Sohliloquies: Diving Deeper Into Deep Dream: Different Distortions

The moment you get Google Research's Deep Dream project set up, you can make it do incredible things. If you want to generate trippy zooms with lots of dogs and eyes, the code Google provides works more or less out-of-the-box.

For reference, here is a gist for a .py file containing all the code from the notebook. This is meant to be run through an interactive interpreter, e.g. by providing the -i flag at runtime or, in iPython, starting a new notebook and then executing e.g. "run demo.py".

And, here is a gist for a similar but extended piece of code which takes an input file on the command line and performs the iterative process described at the very end of the researchers' original iPython notebook.
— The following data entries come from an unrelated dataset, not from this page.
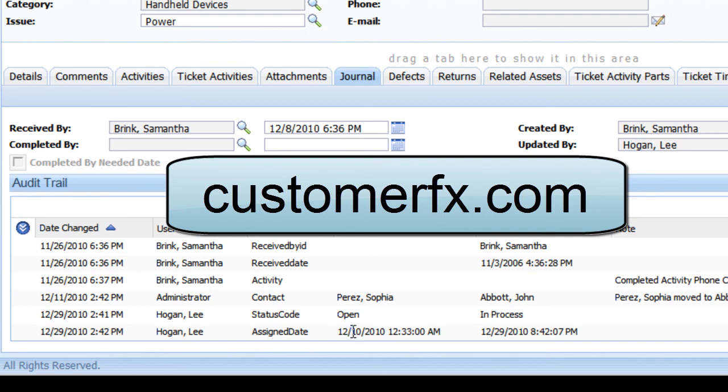So that's a demonstration of the audit trail or journal that's built in and a standard feature on the Sage SalesLogix web client. Thanks for watching.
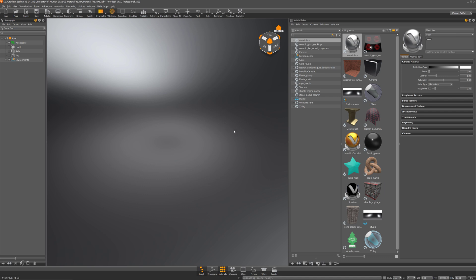Hey everyone and welcome back to your Thread Expert YouTube channel. In this video I'd like to show you how you can customize the Thread Material Preview Shader Ball with Thread 2023.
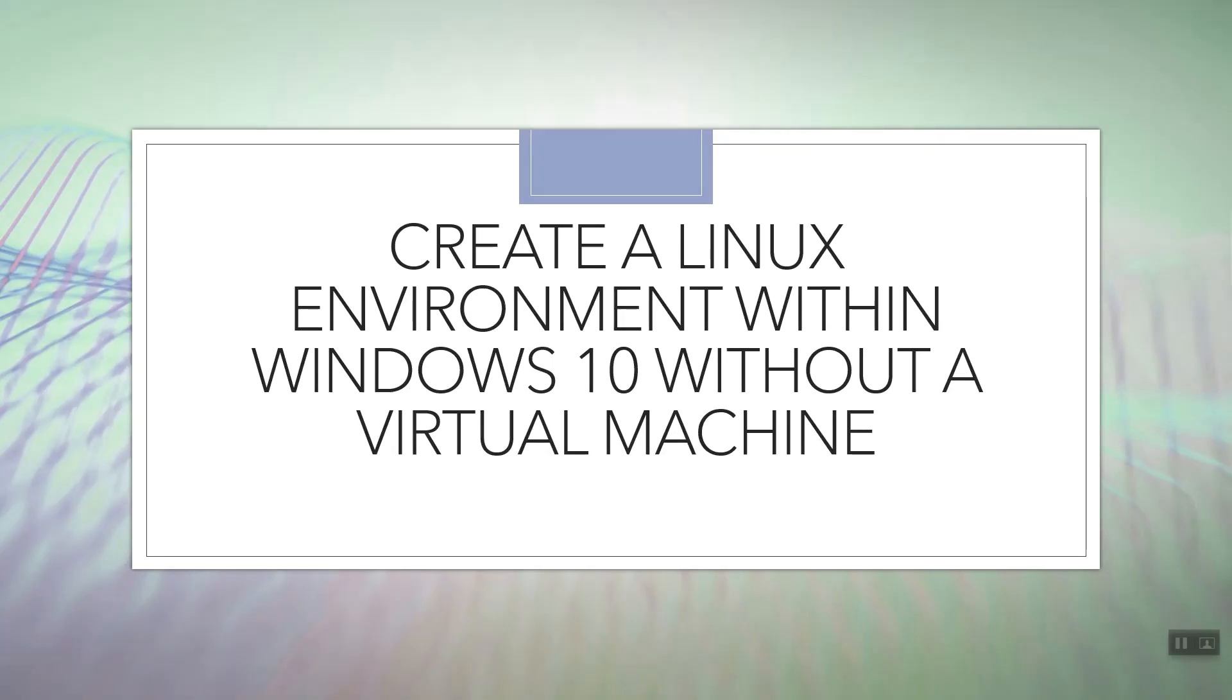Welcome all. So today's topic is create a Linux environment within Windows 10 without a virtual machine. So what this is all about?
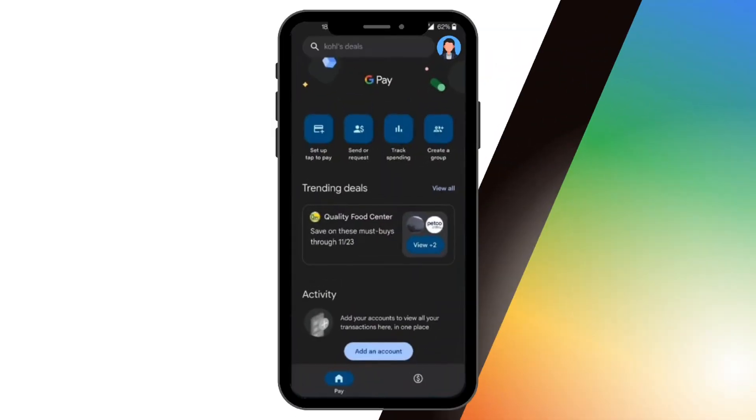First step is to open up the official Google Pay application on your mobile phone. If you don't have the application yet, you might want to download it through Google Play Store first before proceeding with this video.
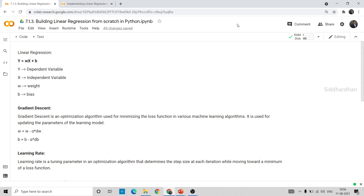Hello everyone, I am Siddharthan. Currently we are in the seventh module of our hands-on machine learning course, and this seventh module is all about building machine learning models from scratch. The first model we have chosen is a simple linear regression model. In my previous videos I explained the intuition, math, and gradient descent behind linear regression. In this video let's implement all those things in Python and build a linear regression model from scratch.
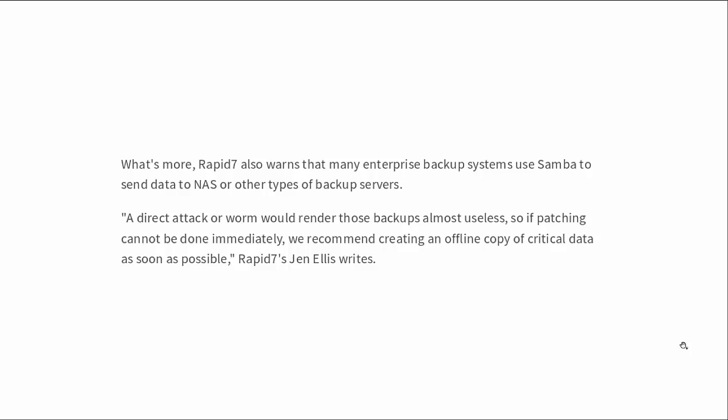What's more, Rapid7 also warns that many enterprise backup systems use Samba to send data to NAS or other types of backup servers. A direct attack or worm would render those backups almost useless, so if patching cannot be done immediately, we recommend creating an offline copy of critical data as soon as possible.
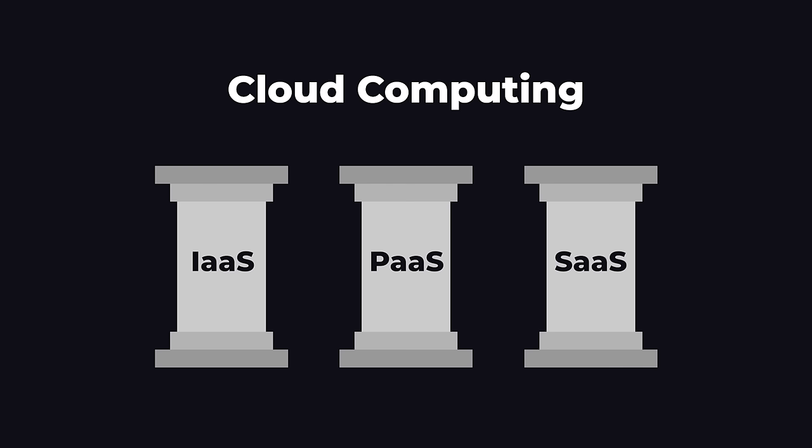So these three concepts we just looked at, infrastructure as a service, platforms as a service, and software as a service, are the three foundations of cloud computing. These days, most companies use cloud computing to run the backend for their websites instead of buying and managing physical servers themselves.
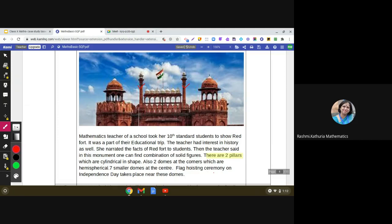Also there are two domes at the corners which are hemispherical. You can see these two domes which are hemispherical in shape. After that, there are seven smaller domes at the center — one, two, three, up to seven — these are also hemispherical in shape.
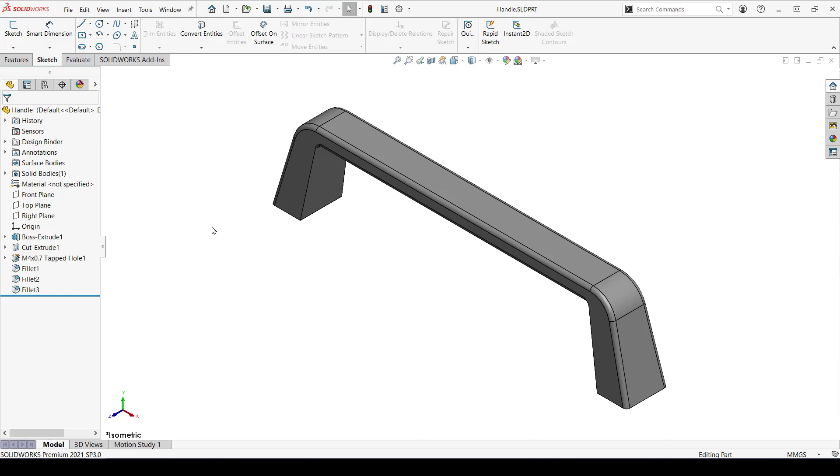First, let's take a look at the component that I want to make smart, which is this handle. I want to use it on a toy chest I'm designing. When I bring it into that assembly, I want to create mounting holes and add in the fasteners for mounting.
Both these files are almost entirely composed of code from that notebook; they're just provided as references, so we can have some well-established starting points from which to branch out.

Prelude

Cards on the table. I'm not here to teach you about neural nets or about Deep Dream. I'm here to show you some really fucking cool graphics (watch that link to the end, I promise it's worth it), and I'm here to give you some ideas about how you could make your own. If you aren't interested in the blow-by-blow, and want to hurry up and get to the blow-my-mind, just pop on down to the bottom of the post, where you'll find a list of every graphic linked to in the body here, compiled for your browsing pleasure.

Okay, with that out of the way, let's do a quick overview of how those gists work, just so we know where we're starting from. I'm going to just quickly walk through the latter one, because its functionality is basically a superset of the former's.

First, a Caffe model is loaded from a baked-in path. This is all fairly standard boilerplate. One important feature is that we require that the model be able to compute its own gradients. This is used later, in the optimization step.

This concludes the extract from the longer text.